Mexican Dried Chile Tomatillo Salsa

makes about 2 1/2 cups salsa


A dark red smoky salsa to serve with any Mexican creation; tacos, rice and beans or anything you can dream up. Depending on the variety of chiles used it can be just barely piquant to tongue-blistering, so head my advice regarding your selection of chiles. A good beginner-level version of this salsa should use only Ancho chiles for a slightly spicy deep red salsa with hints of wood smoke and berries. Toasting and plumping the chiles in boiling water removes any bitterness, and roasting the tomatillos enhances their tart flavor.

If tomatillos are in short supply in your world, substitute green regular tomatoes, or look for canned tomatillos anywhere Mexican groceries are sold. If using canned tomatillos, skip the broiling step and add them (along with the juices) directly into the blender along with the rest of the ingredients.
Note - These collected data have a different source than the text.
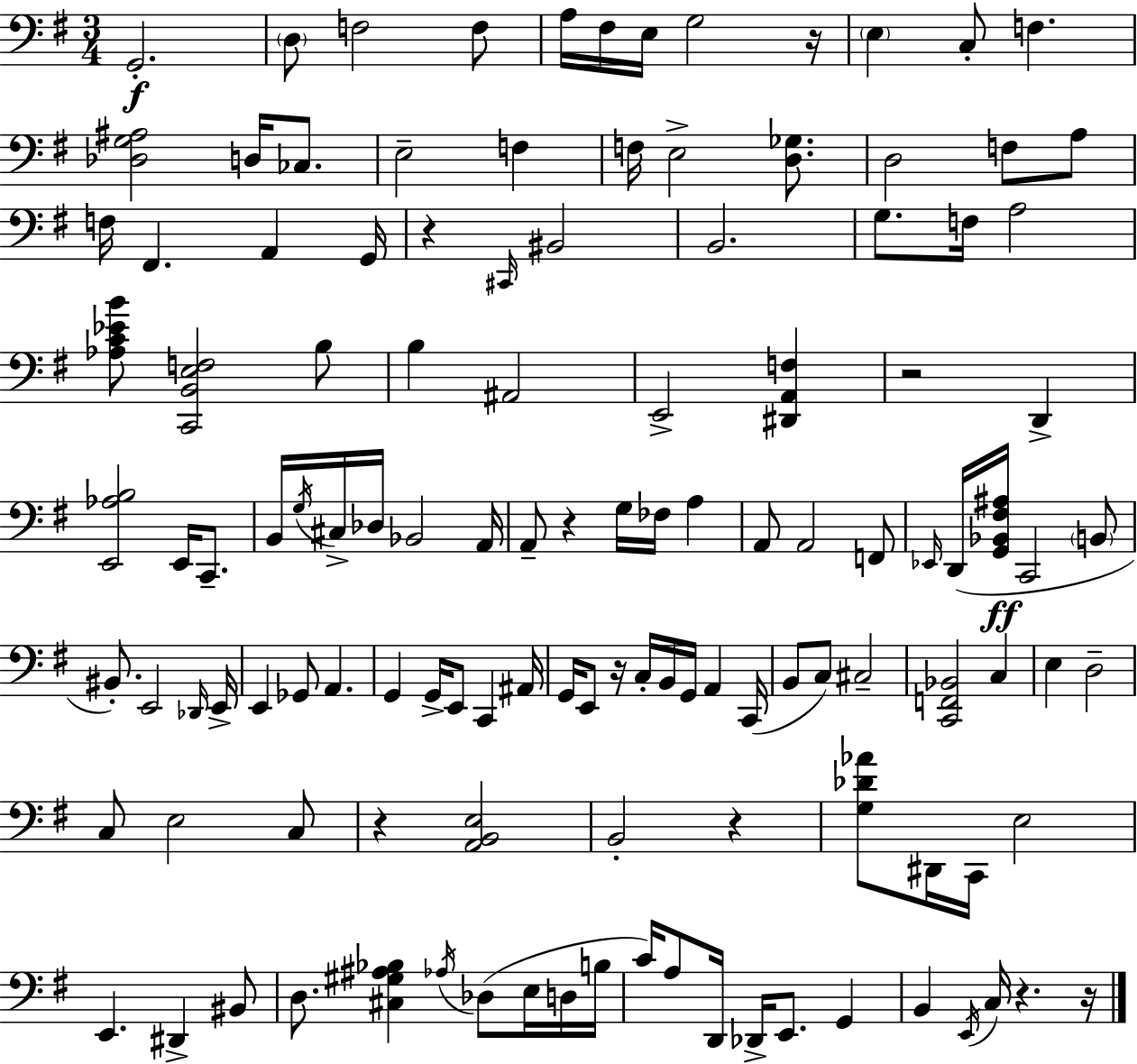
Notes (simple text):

G2/h. D3/e F3/h F3/e A3/s F#3/s E3/s G3/h R/s E3/q C3/e F3/q. [Db3,G3,A#3]/h D3/s CES3/e. E3/h F3/q F3/s E3/h [D3,Gb3]/e. D3/h F3/e A3/e F3/s F#2/q. A2/q G2/s R/q C#2/s BIS2/h B2/h. G3/e. F3/s A3/h [Ab3,C4,Eb4,B4]/e [C2,B2,E3,F3]/h B3/e B3/q A#2/h E2/h [D#2,A2,F3]/q R/h D2/q [E2,Ab3,B3]/h E2/s C2/e. B2/s G3/s C#3/s Db3/s Bb2/h A2/s A2/e R/q G3/s FES3/s A3/q A2/e A2/h F2/e Eb2/s D2/s [G2,Bb2,F#3,A#3]/s C2/h B2/e BIS2/e. E2/h Db2/s E2/s E2/q Gb2/e A2/q. G2/q G2/s E2/e C2/q A#2/s G2/s E2/e R/s C3/s B2/s G2/s A2/q C2/s B2/e C3/e C#3/h [C2,F2,Bb2]/h C3/q E3/q D3/h C3/e E3/h C3/e R/q [A2,B2,E3]/h B2/h R/q [G3,Db4,Ab4]/e D#2/s C2/s E3/h E2/q. D#2/q BIS2/e D3/e. [C#3,G#3,A#3,Bb3]/q Ab3/s Db3/e E3/s D3/s B3/s C4/s A3/e D2/s Db2/s E2/e. G2/q B2/q E2/s C3/s R/q. R/s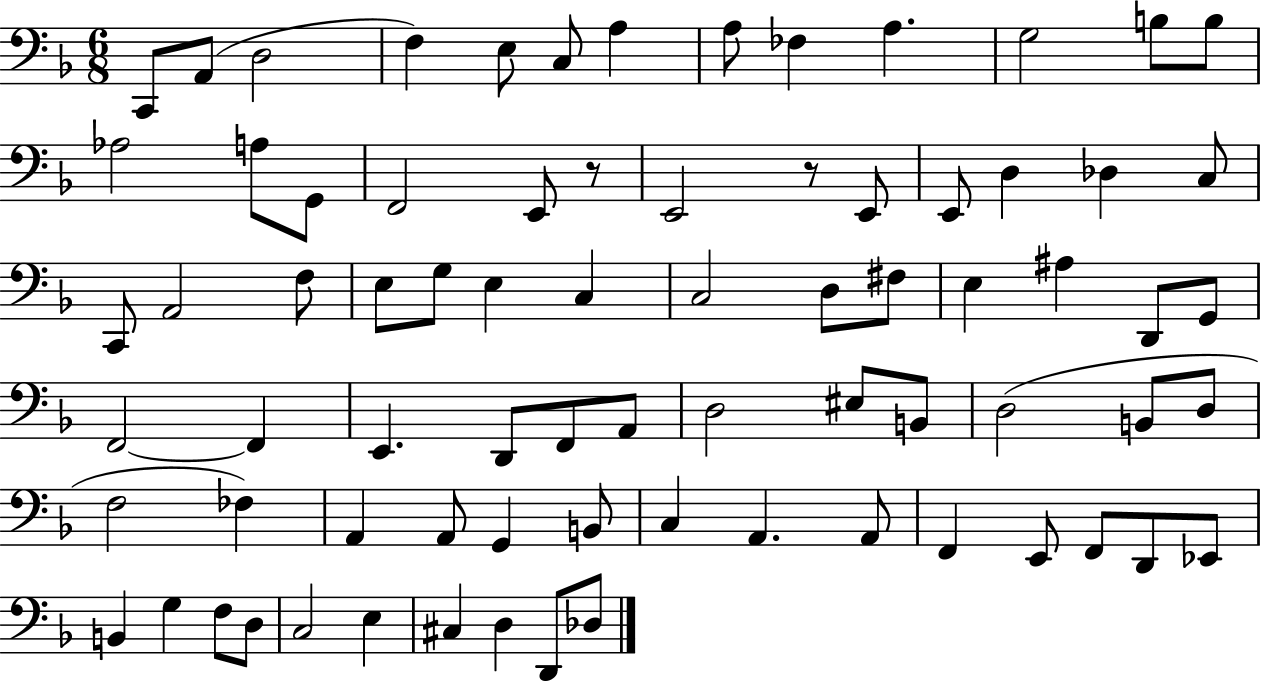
C2/e A2/e D3/h F3/q E3/e C3/e A3/q A3/e FES3/q A3/q. G3/h B3/e B3/e Ab3/h A3/e G2/e F2/h E2/e R/e E2/h R/e E2/e E2/e D3/q Db3/q C3/e C2/e A2/h F3/e E3/e G3/e E3/q C3/q C3/h D3/e F#3/e E3/q A#3/q D2/e G2/e F2/h F2/q E2/q. D2/e F2/e A2/e D3/h EIS3/e B2/e D3/h B2/e D3/e F3/h FES3/q A2/q A2/e G2/q B2/e C3/q A2/q. A2/e F2/q E2/e F2/e D2/e Eb2/e B2/q G3/q F3/e D3/e C3/h E3/q C#3/q D3/q D2/e Db3/e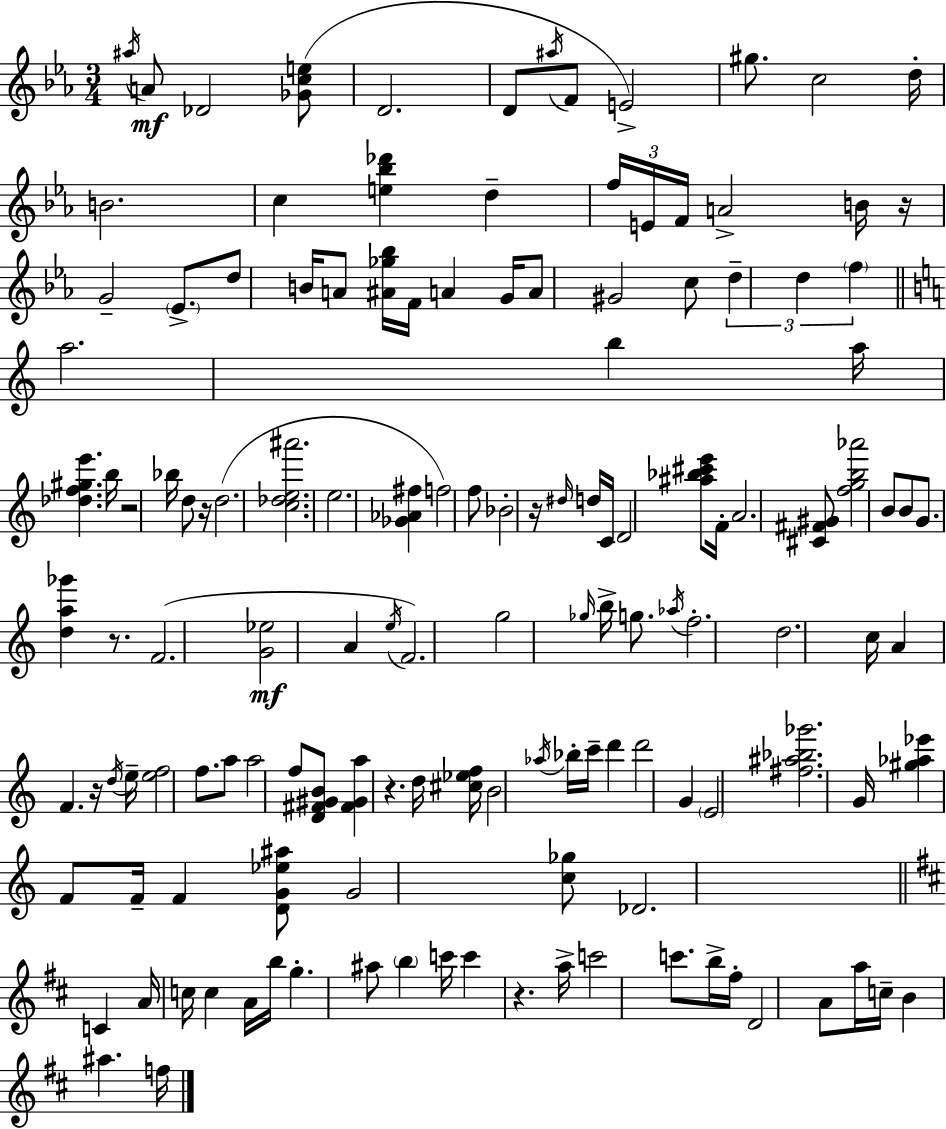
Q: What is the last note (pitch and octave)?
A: F5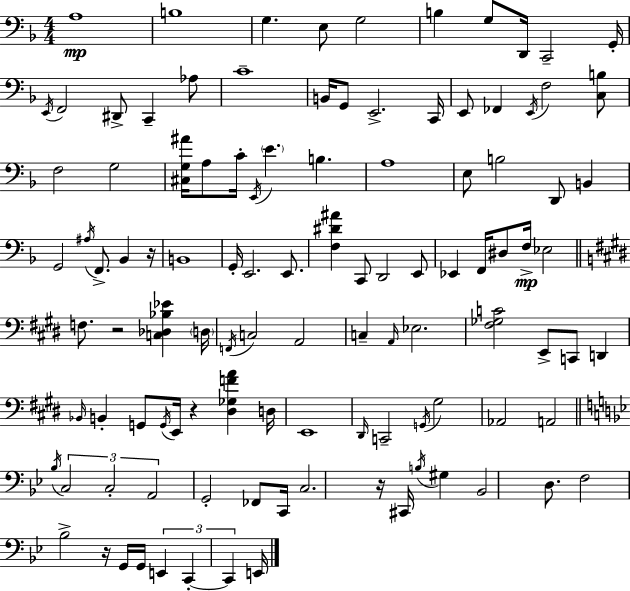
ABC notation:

X:1
T:Untitled
M:4/4
L:1/4
K:Dm
A,4 B,4 G, E,/2 G,2 B, G,/2 D,,/4 C,,2 G,,/4 E,,/4 F,,2 ^D,,/2 C,, _A,/2 C4 B,,/4 G,,/2 E,,2 C,,/4 E,,/2 _F,, E,,/4 F,2 [C,B,]/2 F,2 G,2 [^C,G,^A]/4 A,/2 C/4 E,,/4 E B, A,4 E,/2 B,2 D,,/2 B,, G,,2 ^A,/4 F,,/2 _B,, z/4 B,,4 G,,/4 E,,2 E,,/2 [F,^D^A] C,,/2 D,,2 E,,/2 _E,, F,,/4 ^D,/2 F,/4 _E,2 F,/2 z2 [C,_D,_B,_E] D,/4 F,,/4 C,2 A,,2 C, A,,/4 _E,2 [^F,_G,C]2 E,,/2 C,,/2 D,, _B,,/4 B,, G,,/2 G,,/4 E,,/4 z [^D,_G,FA] D,/4 E,,4 ^D,,/4 C,,2 G,,/4 ^G,2 _A,,2 A,,2 _B,/4 C,2 C,2 A,,2 G,,2 _F,,/2 C,,/4 C,2 z/4 ^C,,/4 B,/4 ^G, _B,,2 D,/2 F,2 _B,2 z/4 G,,/4 G,,/4 E,, C,, C,, E,,/4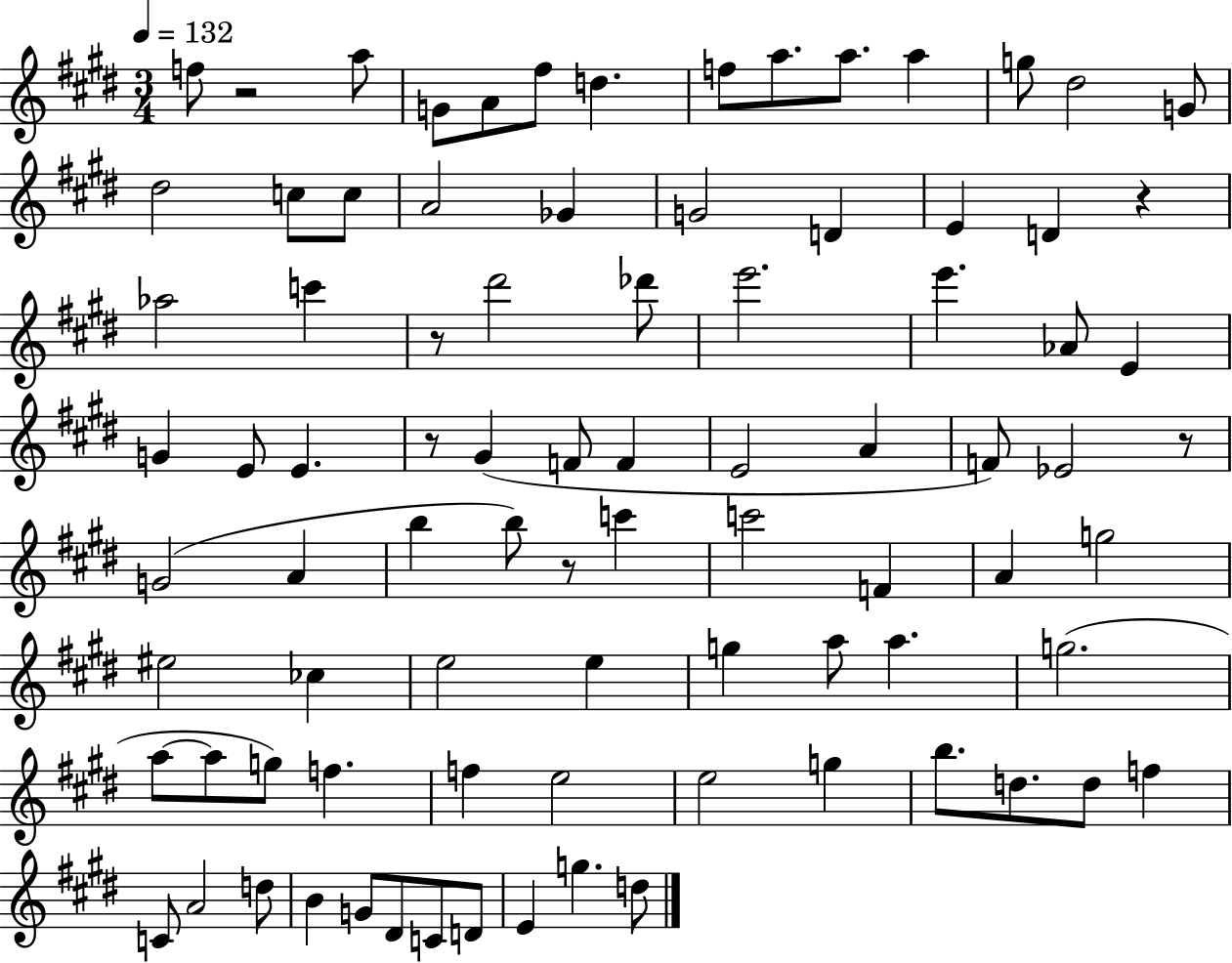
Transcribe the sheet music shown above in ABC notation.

X:1
T:Untitled
M:3/4
L:1/4
K:E
f/2 z2 a/2 G/2 A/2 ^f/2 d f/2 a/2 a/2 a g/2 ^d2 G/2 ^d2 c/2 c/2 A2 _G G2 D E D z _a2 c' z/2 ^d'2 _d'/2 e'2 e' _A/2 E G E/2 E z/2 ^G F/2 F E2 A F/2 _E2 z/2 G2 A b b/2 z/2 c' c'2 F A g2 ^e2 _c e2 e g a/2 a g2 a/2 a/2 g/2 f f e2 e2 g b/2 d/2 d/2 f C/2 A2 d/2 B G/2 ^D/2 C/2 D/2 E g d/2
Chile tip: Large, soft ancho, guajillo, or pasilla chiles are deep red chiles with varying degrees of mild heat that make a good beginner’s salsa. If you crave more heat sneak in some small, bright red dried chile de arbol or small but deadly piquin chiles or long, glossy costeño chiles. Look for an assortment of dried chiles sold in plastic bags in Mexican groceries.


3 ounces dried Mexican chile peppers (see note for suggestion of combination of peppers), either one kind or a combination

1 pound tomatillos, papery husk removed

1 small red or white onion, peeled and diced

1 tablespoon lime juice

3 cloves garlic, peeled

1 teaspoon sugar or ½ teaspoon agave nectar

1 teaspoon salt or to taste


1. In a large sauce pan bring 1 quart of water to boil. Have ready a medium sized glass or metal heat-resistant bowl. Heat a cast iron skillet over medium heat. While skilled is heating slice open dried chiles, remove stems and seeds and open chilies so that they can be easily flattened when pressed with a spatula. Place chilies in heated skillet, and toast them for about a minute, pressing and frequently flipping over the chiles. Watch carefully to prevent chilies from burning. Remove skillet from heat and place chilies in a heat resistant bowl. Pour boiling water over chilies and set aside for 10 minutes, allowing chilies to soften. Drain water from chilies.


2. Preheat the oven broiler to high and get ready a 10 to 12 inch cast iron skillet. In a mixing bowl cover the tomatillos with hot water and slosh around to remove the soapy residue on the skins. Drain, pat tomatillos dry, and arrange in the skillet. Broil for 6 to 8 minutes, stirring occasionally, until the skins of the tomatillos have turned a dull green, are charred in places and the skins have begun to split open. Turn off the oven, remove from heat, and set aside to cool for 5 minutes. Transfer the roasted tomatillos to a blender or food processor. Add the drained chiles and remaining ingredients. Puree into a thick salsa, but don’t make it too smooth, and leave a little bit of chunky texture.


3. Store in a tightly covered container in the fridge; the flavor will develop as it cools. Use within 2 weeks.